▶ TASK DIRECTIONS: Each line of the data below should be restated exactly, with images left out.

▶ DATA:
Content starts

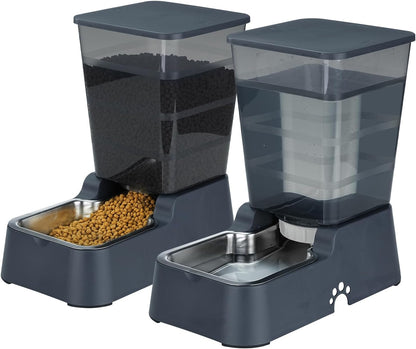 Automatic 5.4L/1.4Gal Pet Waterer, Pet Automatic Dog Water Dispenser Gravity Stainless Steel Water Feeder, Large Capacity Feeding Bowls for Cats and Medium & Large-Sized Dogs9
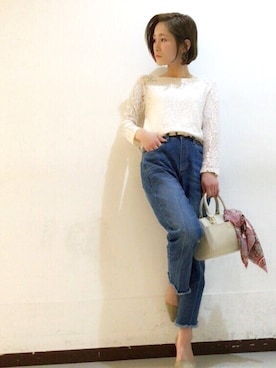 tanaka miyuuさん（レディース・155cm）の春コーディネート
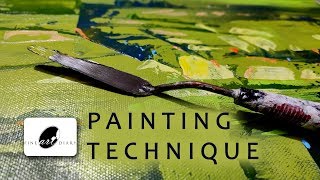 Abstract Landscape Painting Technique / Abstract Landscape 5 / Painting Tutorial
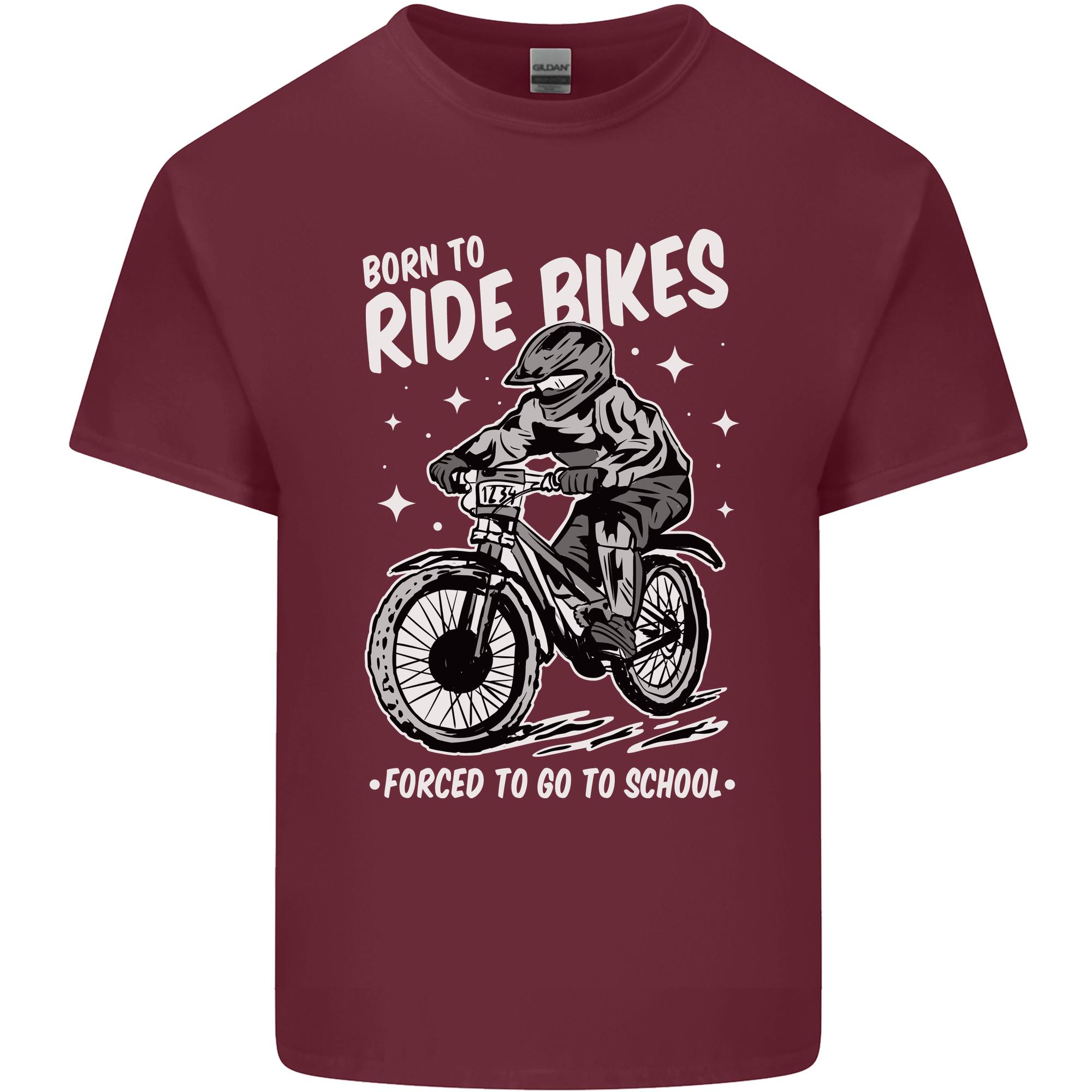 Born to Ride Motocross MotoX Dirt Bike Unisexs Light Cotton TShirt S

Content ends

▶ EXERCISE RESPONSE:
 Automatic 5.4L/1.4Gal Pet Waterer, Pet Automatic Dog Water Dispenser Gravity Stainless Steel Water Feeder, Large Capacity Feeding Bowls for Cats and Medium & Large-Sized Dogs9
 tanaka miyuuさん（レディース・155cm）の春コーディネート
 Abstract Landscape Painting Technique / Abstract Landscape 5 / Painting Tutorial
 Born to Ride Motocross MotoX Dirt Bike Unisexs Light Cotton TShirt S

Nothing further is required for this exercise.